### DATA SHOWN:
- - - - - - -
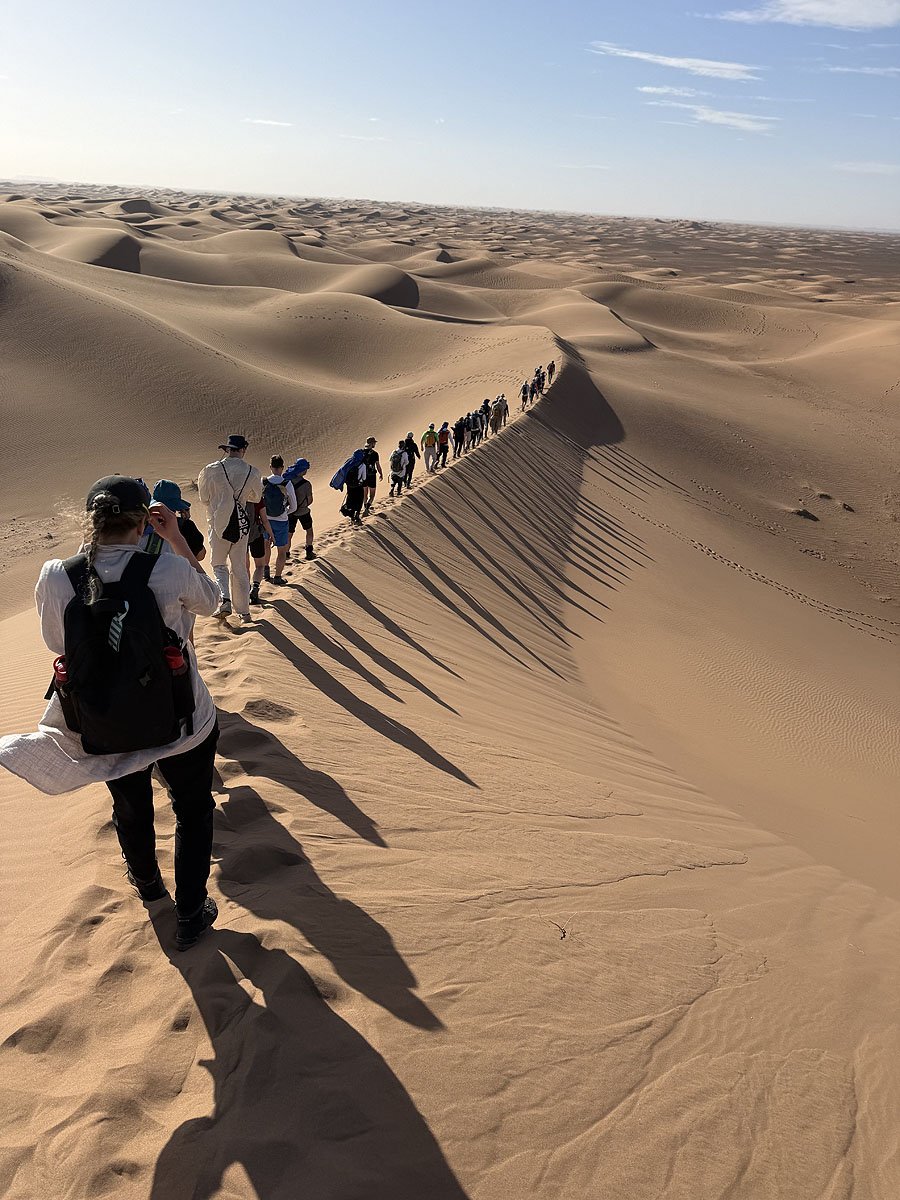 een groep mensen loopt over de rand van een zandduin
- - - - - - -
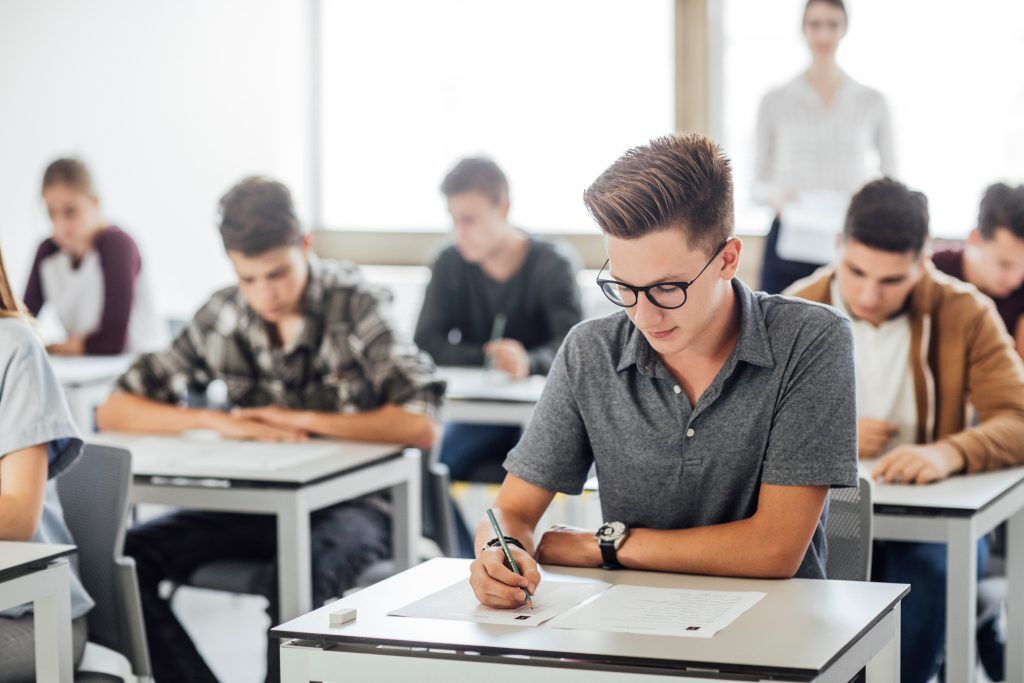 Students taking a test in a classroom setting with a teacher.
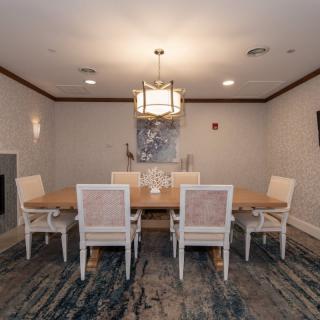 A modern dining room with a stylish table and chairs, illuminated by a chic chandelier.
- - - - - - -
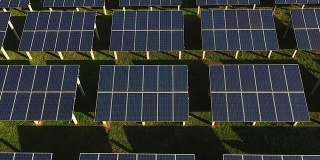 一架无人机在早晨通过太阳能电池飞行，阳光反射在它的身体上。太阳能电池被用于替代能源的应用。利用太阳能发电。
- - - - - - -
### YOUR TASK:
Starting at the line above with "Students taking a", output every line exactly up to and including the line with "A modern dining", but none of the pictures.

### RESULT FOR THIS EXERCISE:
 Students taking a test in a classroom setting with a teacher.
 A modern dining room with a stylish table and chairs, illuminated by a chic chandelier.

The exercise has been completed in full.